=== RECORDS PROVIDED ===

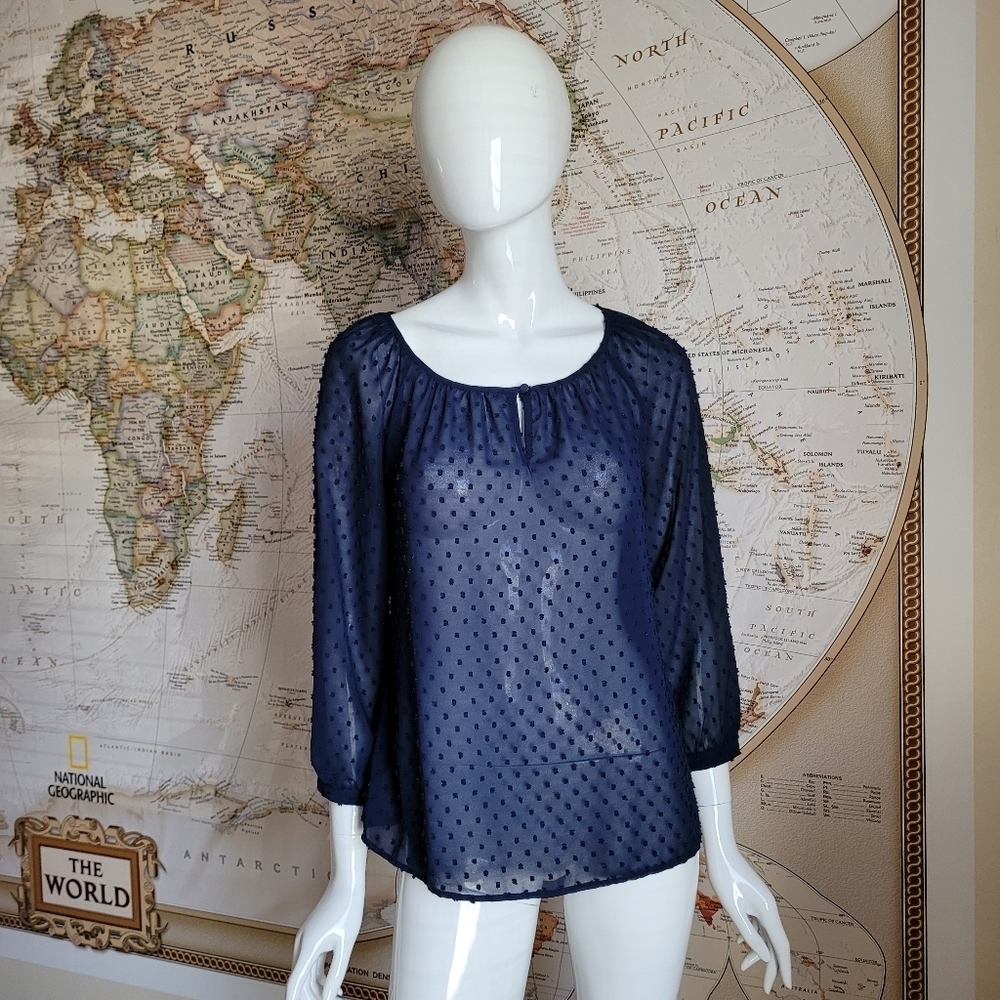 Cynthia Rowley sheer navy flowy blouse round neckline tufted dot fabric boho S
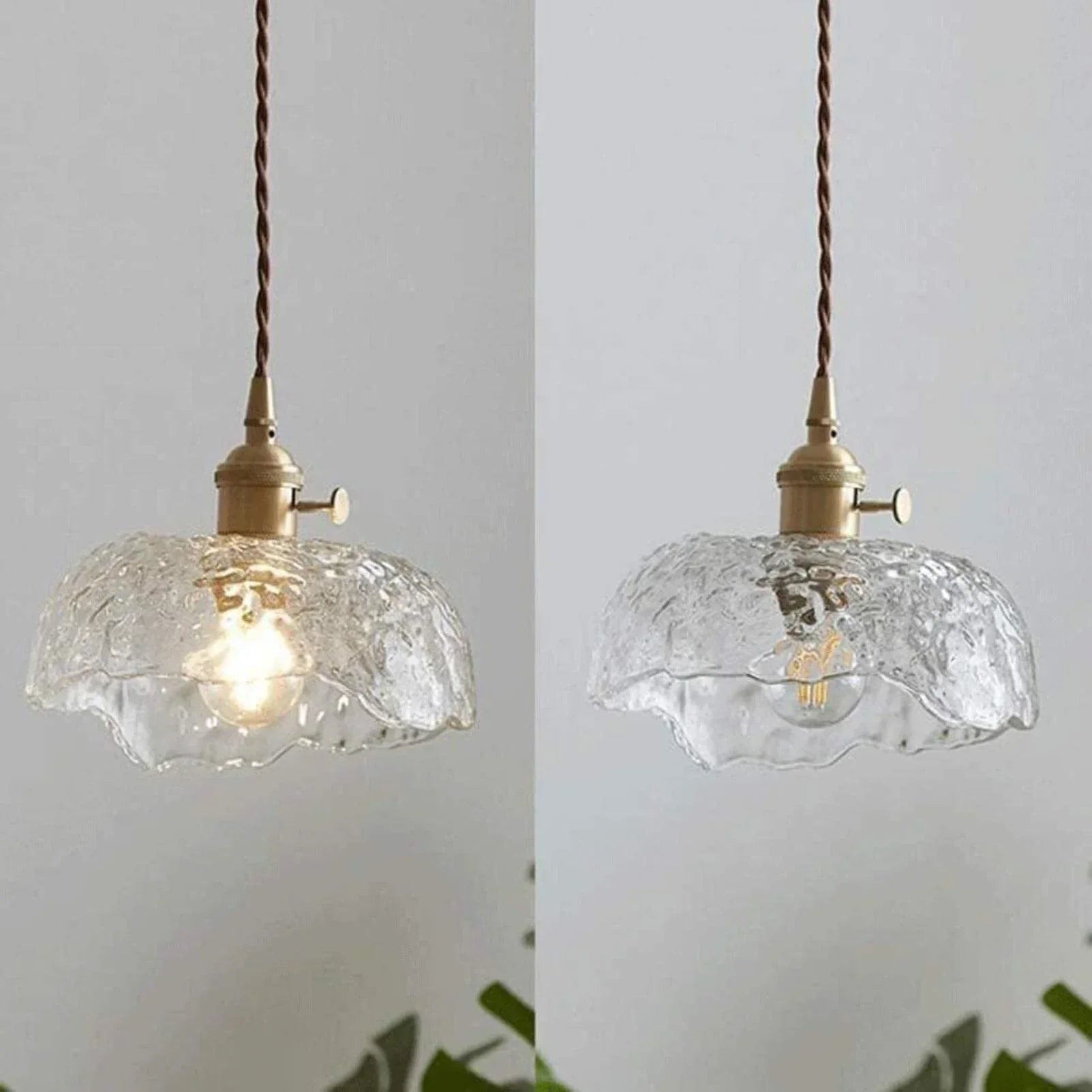 Irregular Glass Pendant Lamp | Brass & Glass Design | E27 Socket | Modern Decorative Hanging Light | Indoor Ceiling Lighting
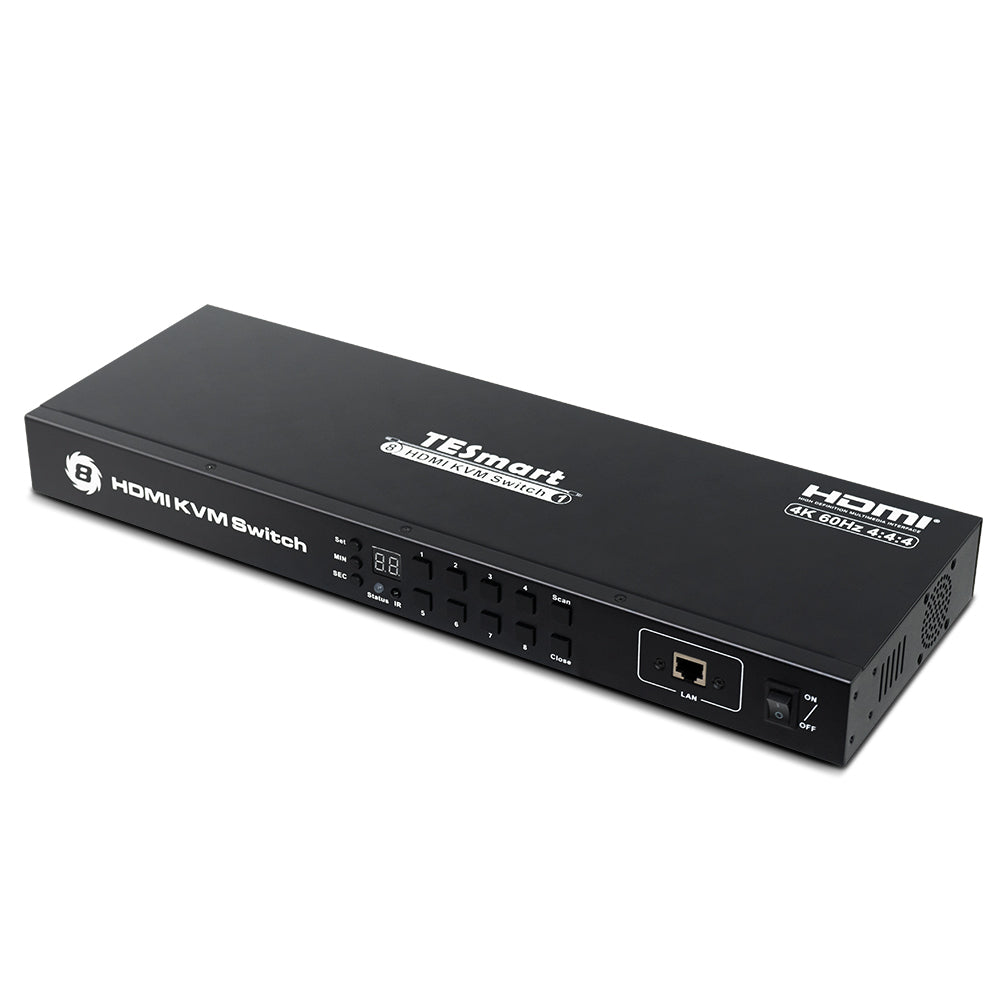 8 Port HDMI KVM Switch with 4K60Hz,RS232/LAN Control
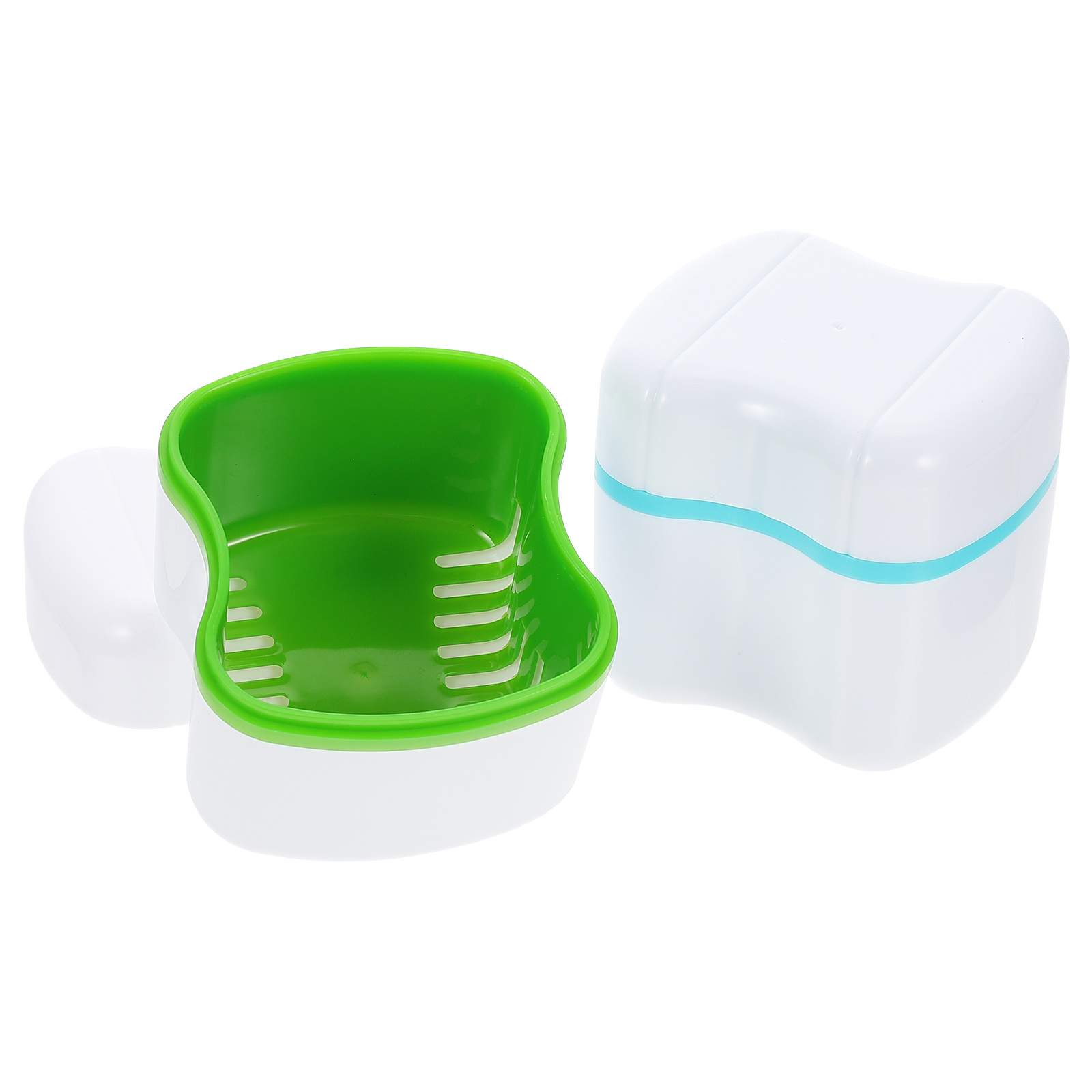2 Pcs Denture Storage Box Case Retainer Cleaner Travel Bath Fake Teeth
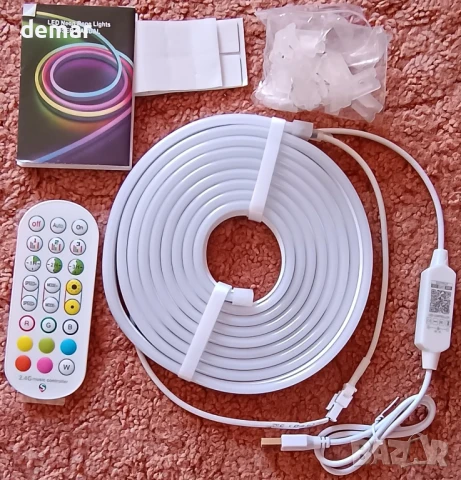 Неонова въжена светлина Daymeet, 5M RGBICW LED лента, дистанционно, IP67, USB, снимка 9 - Лед осветление - 50474541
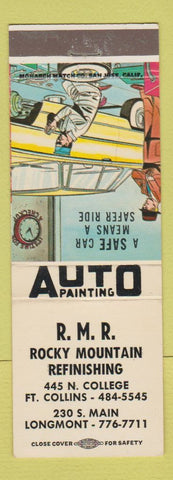 Matchbook Cover - Rocky Mountain Auto Paint Longmont Fort Collins Colorado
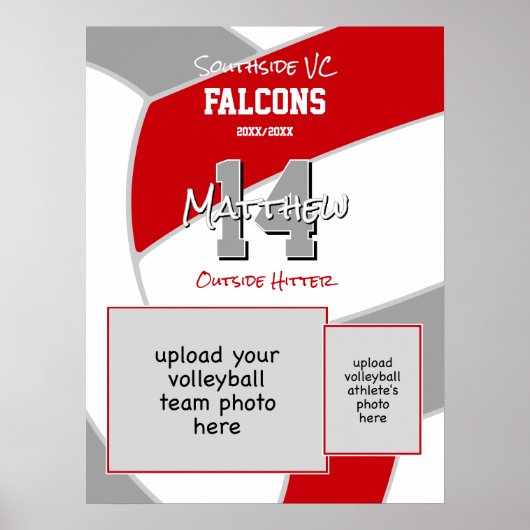 レッドグレーバレーボールチームカラー記念 ポスター (正面)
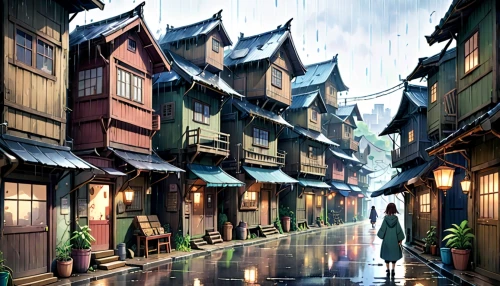 korean village snow,wooden houses,medieval street,korean folk village,tsukemono,fantasy city,world digital painting,rainy season,knight village,japanese architecture,fantasy picture,rainy,asian architecture,japanese umbrellas,bukchon,medieval town,spa town,half-timbered houses,studio ghibli,rainy day,Anime,Anime,Realistic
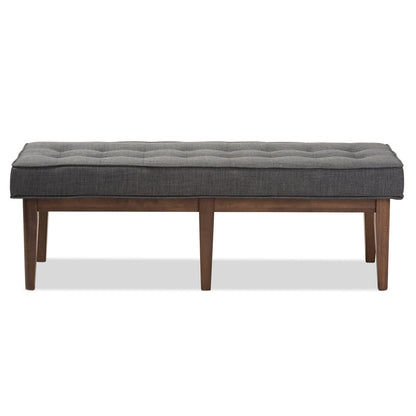 Baxton Studio - Lucca Bench in Dark Grey/"Walnut" Brown - WM1623-BE-Dark Grey/Walnut view 2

===

▸ WHAT IS BEING ASKED
Any pictures should be dropped; transcribe the rest of the records above exactly.

▸ RESPONSE TO THIS EXERCISE
 Cynthia Rowley sheer navy flowy blouse round neckline tufted dot fabric boho S
 Irregular Glass Pendant Lamp | Brass & Glass Design | E27 Socket | Modern Decorative Hanging Light | Indoor Ceiling Lighting
 8 Port HDMI KVM Switch with 4K60Hz,RS232/LAN Control
2 Pcs Denture Storage Box Case Retainer Cleaner Travel Bath Fake Teeth
 Неонова въжена светлина Daymeet, 5M RGBICW LED лента, дистанционно, IP67, USB, снимка 9 - Лед осветление - 50474541
 Matchbook Cover - Rocky Mountain Auto Paint Longmont Fort Collins Colorado
 レッドグレーバレーボールチームカラー記念 ポスター (正面)
 korean village snow,wooden houses,medieval street,korean folk village,tsukemono,fantasy city,world digital painting,rainy season,knight village,japanese architecture,fantasy picture,rainy,asian architecture,japanese umbrellas,bukchon,medieval town,spa town,half-timbered houses,studio ghibli,rainy day,Anime,Anime,Realistic
 Baxton Studio - Lucca Bench in Dark Grey/"Walnut" Brown - WM1623-BE-Dark Grey/Walnut view 2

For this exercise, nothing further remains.